» **ACTIVITY**:
Quote only the lines that start at the line with "Lame de rechange" and run to the end of the entries; omit the pictures.

» **PROVIDED RECORDS**:
⁂
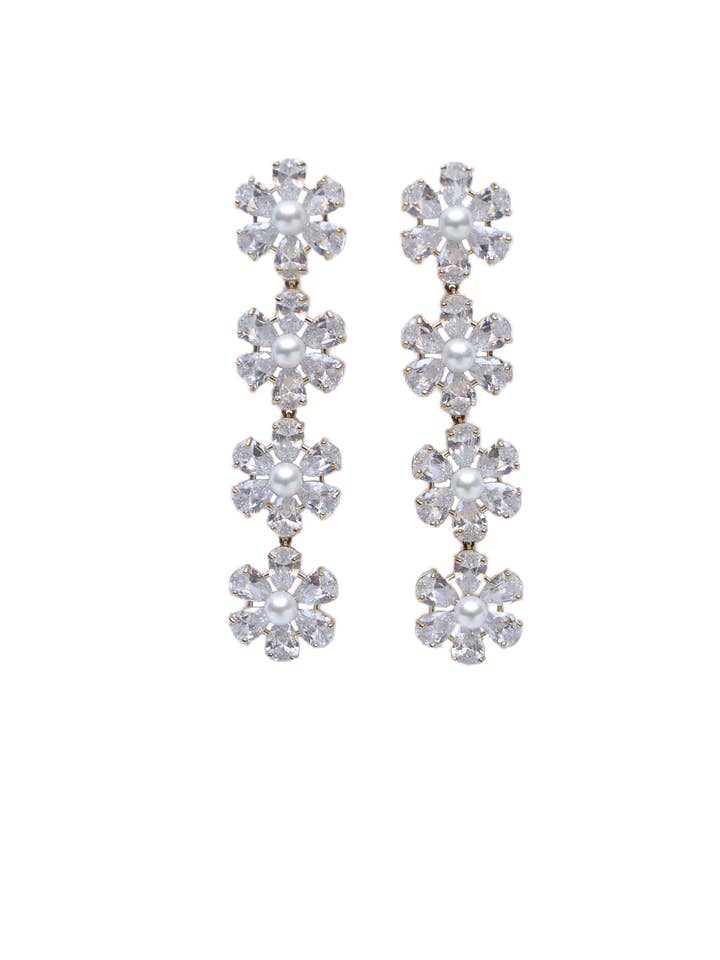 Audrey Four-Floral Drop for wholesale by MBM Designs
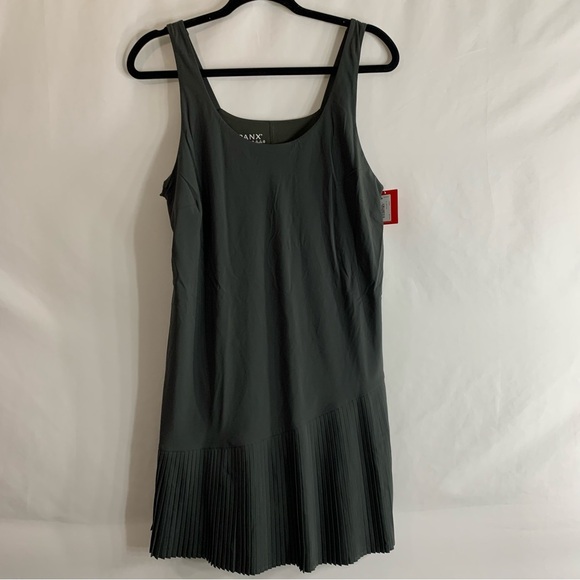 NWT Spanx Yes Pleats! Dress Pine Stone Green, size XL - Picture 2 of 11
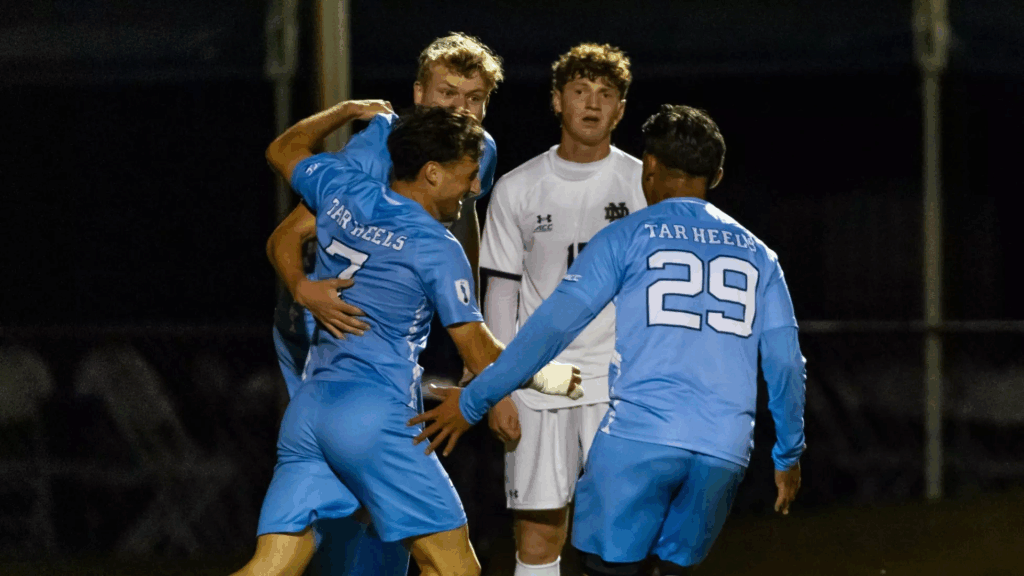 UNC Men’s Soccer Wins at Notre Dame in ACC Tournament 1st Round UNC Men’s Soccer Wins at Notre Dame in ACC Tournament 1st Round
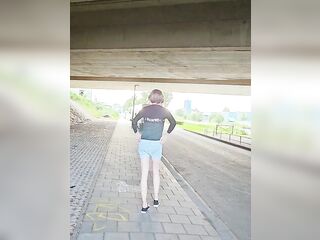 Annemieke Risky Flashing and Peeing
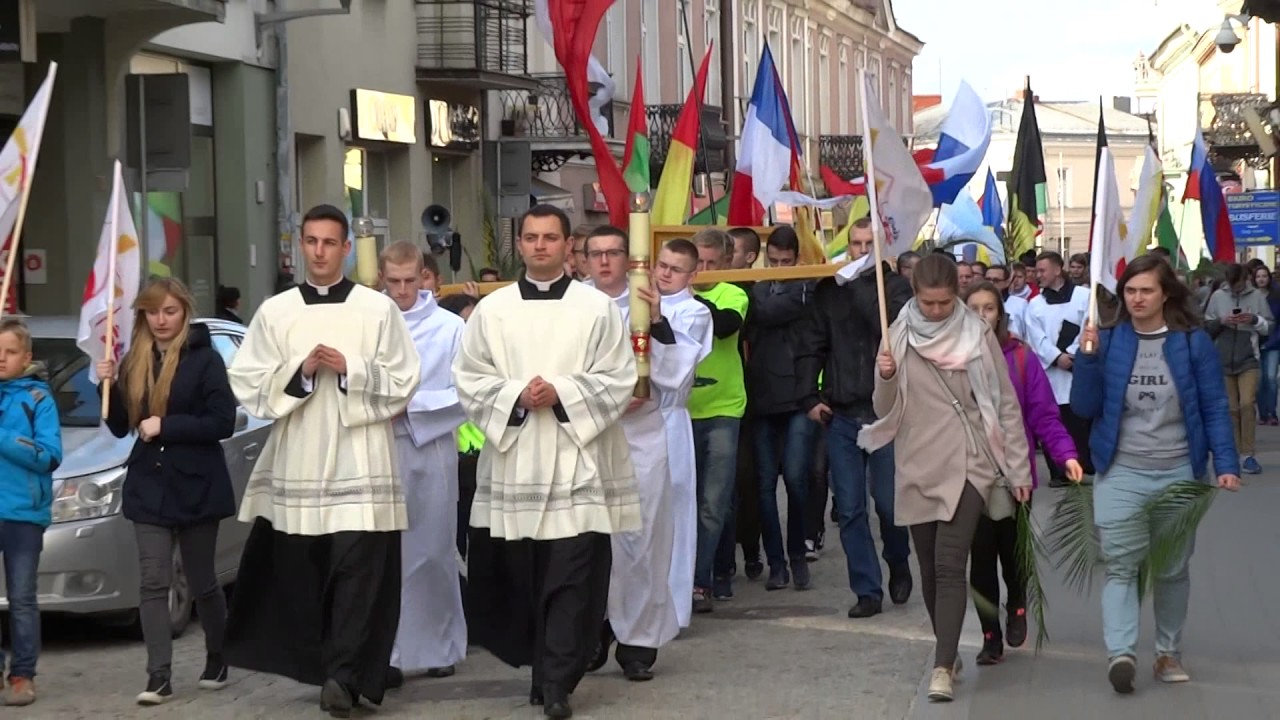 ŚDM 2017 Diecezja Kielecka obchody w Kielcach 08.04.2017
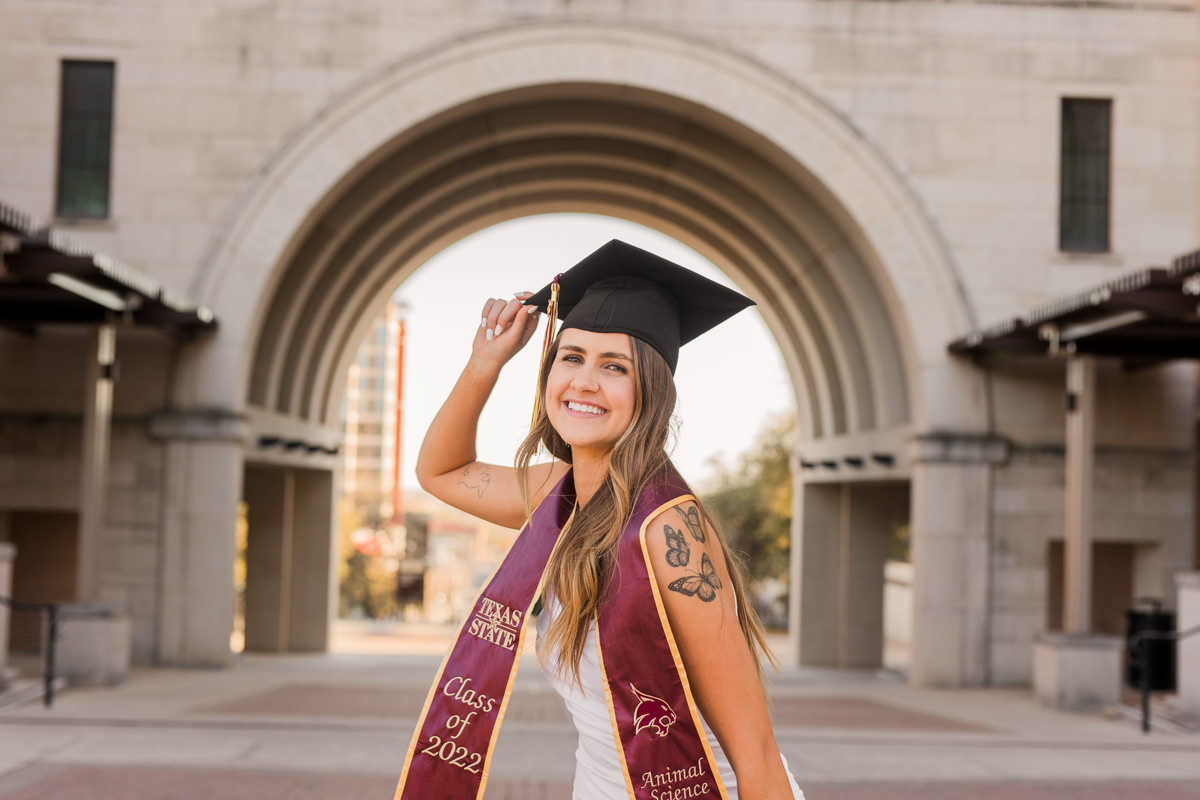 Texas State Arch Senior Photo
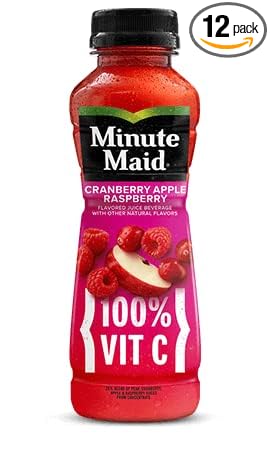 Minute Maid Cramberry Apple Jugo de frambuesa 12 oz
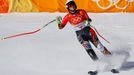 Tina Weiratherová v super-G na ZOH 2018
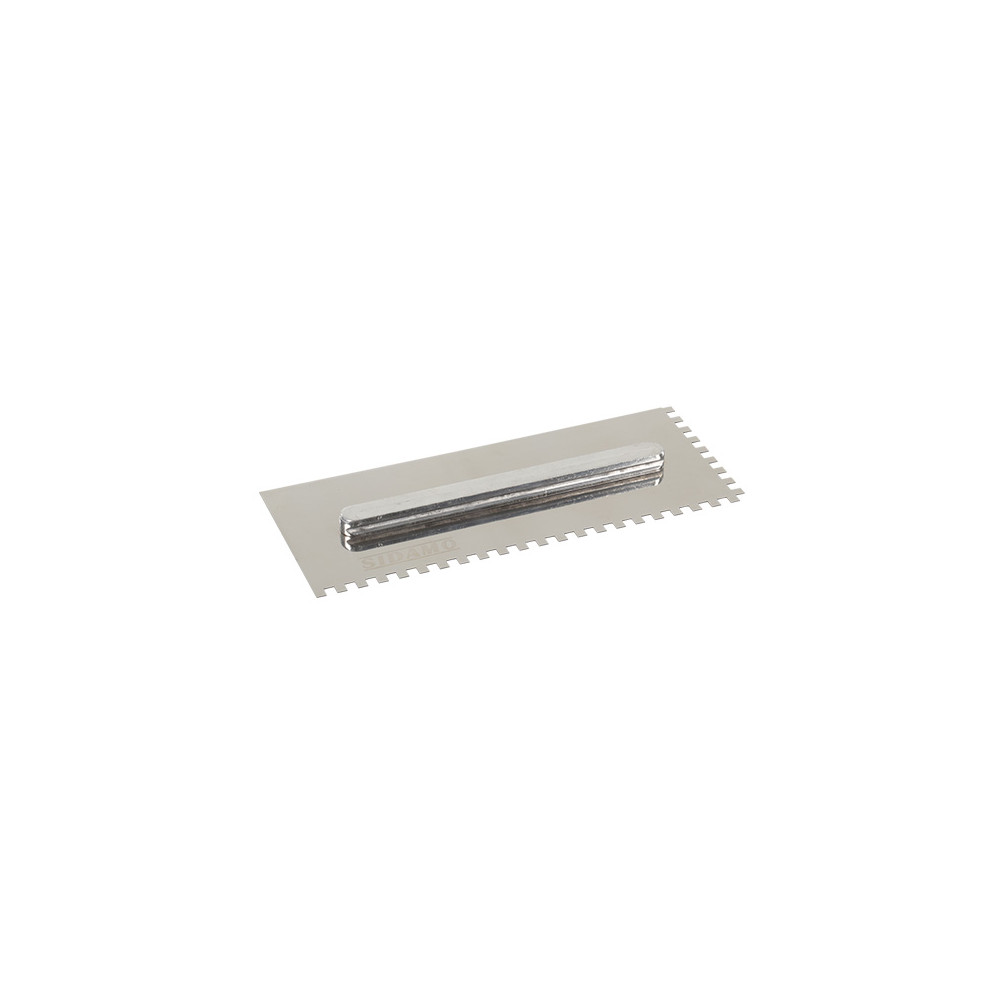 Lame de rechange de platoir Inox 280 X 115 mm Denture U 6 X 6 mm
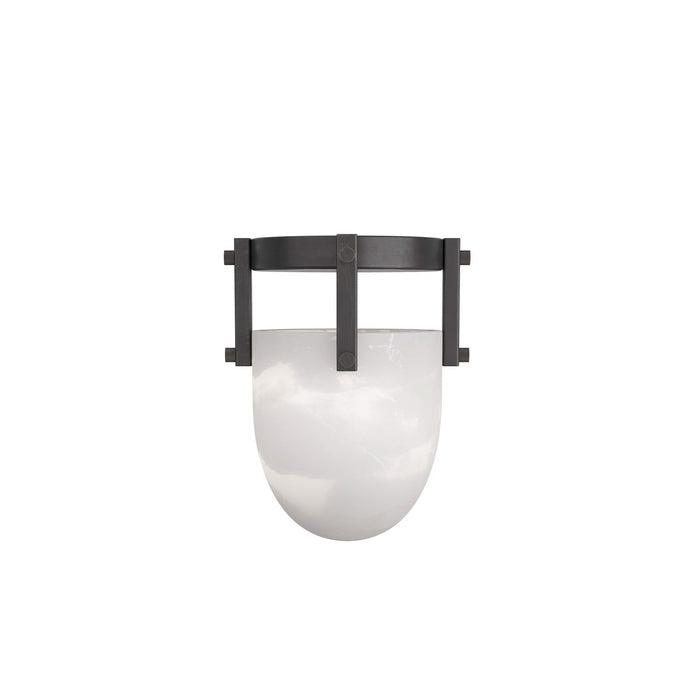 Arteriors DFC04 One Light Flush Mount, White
⁂
» **WRITTEN SOLUTION**:
 Lame de rechange de platoir Inox 280 X 115 mm Denture U 6 X 6 mm
 Arteriors DFC04 One Light Flush Mount, White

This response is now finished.